ASSIGNMENT:
Copy each line, word for word, from the one with "Puerta arqueada que" through the final line of the listing, but skip the pictures.

GIVEN INFORMATION:
BEGIN

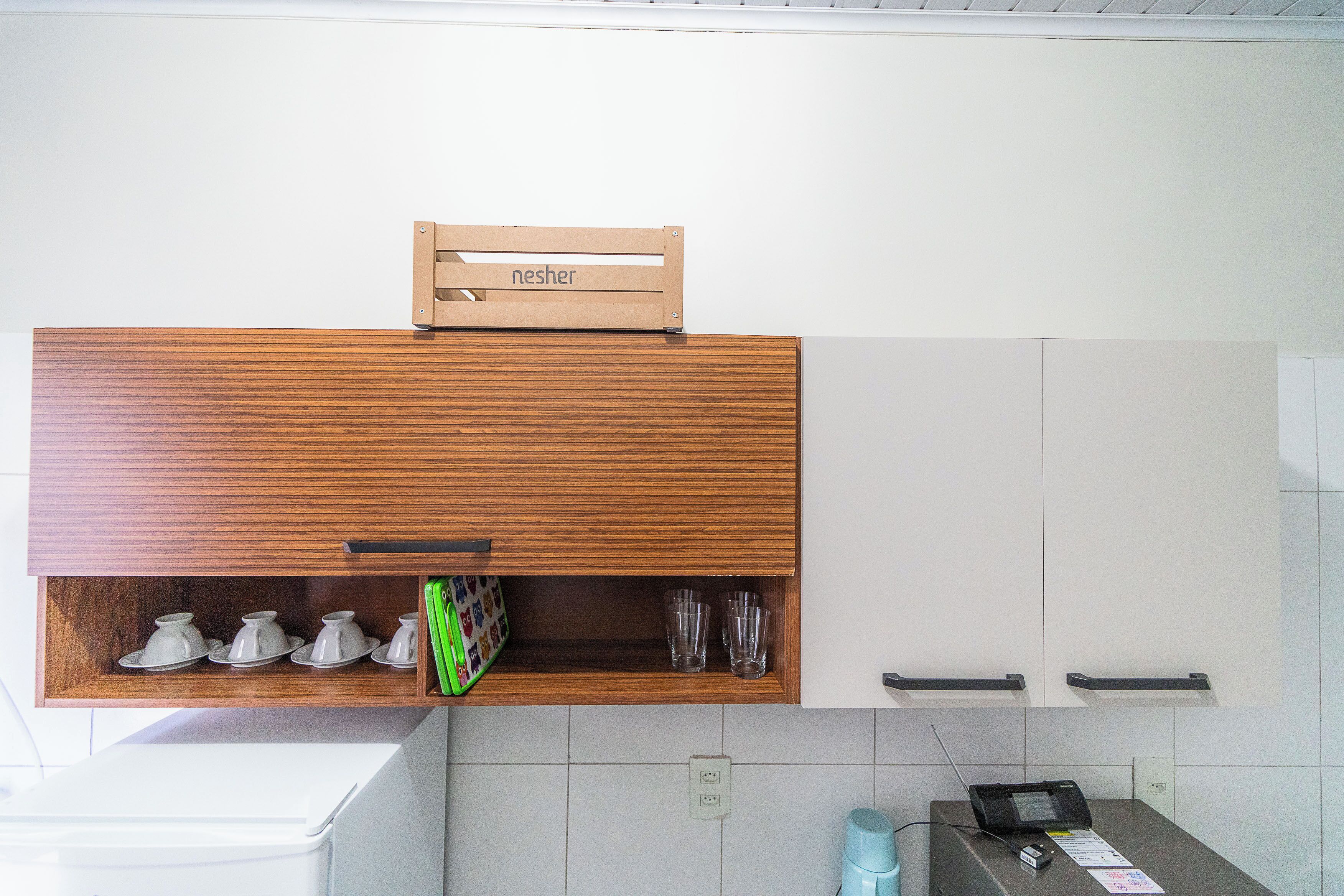 A kitchen with wooden cabinets, a built-in shelf with cups and glasses, and a sign above the shelf.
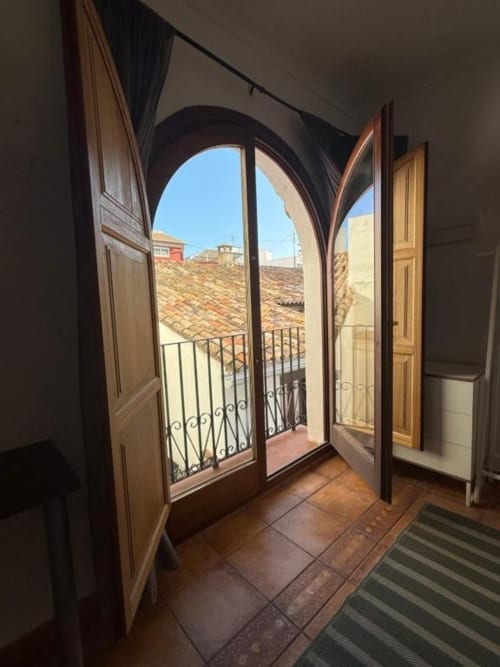 Puerta arqueada que abre a un balcón con vistas a los tejados de terracota de Oliva, España en Hotelito Oliva Pensión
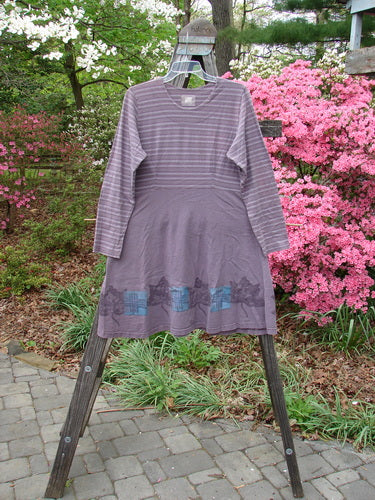 1999 Fitted Circle Dress Dried Pod Grey Plum Stripe Size 0 displayed outdoors, highlighting its empire waist, vertical pleats, flared skirt, round neckline, and longer sleeves.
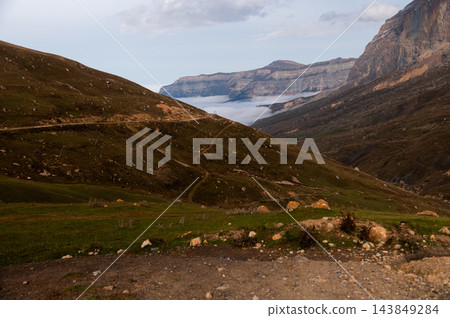 Mountain landscape with winding road and clouds in valley Mountain landscape with winding road and clouds in valley 143849284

END

RESULT OF THE EXERCISE:
 Puerta arqueada que abre a un balcón con vistas a los tejados de terracota de Oliva, España en Hotelito Oliva Pensión
 1999 Fitted Circle Dress Dried Pod Grey Plum Stripe Size 0 displayed outdoors, highlighting its empire waist, vertical pleats, flared skirt, round neckline, and longer sleeves.
 Mountain landscape with winding road and clouds in valley Mountain landscape with winding road and clouds in valley 143849284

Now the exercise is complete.